→ Goal of the exercise
As the answer, set down the lines below from the one containing "Poster, Art Print" through the one containing "Künstler-AK Freiberg i. S., Donatsturm", exactly and inclusively, and no others.

→ Working data
○ ○ ○ ○ ○

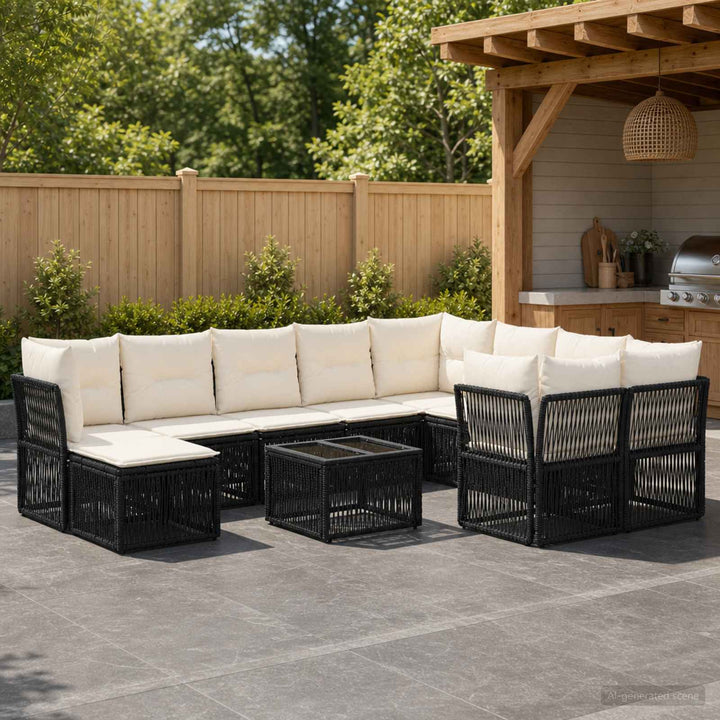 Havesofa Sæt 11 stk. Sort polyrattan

○ ○ ○ ○ ○

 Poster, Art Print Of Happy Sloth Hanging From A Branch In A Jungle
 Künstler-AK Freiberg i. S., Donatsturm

○ ○ ○ ○ ○

→ Written response
 Poster, Art Print Of Happy Sloth Hanging From A Branch In A Jungle
 Künstler-AK Freiberg i. S., Donatsturm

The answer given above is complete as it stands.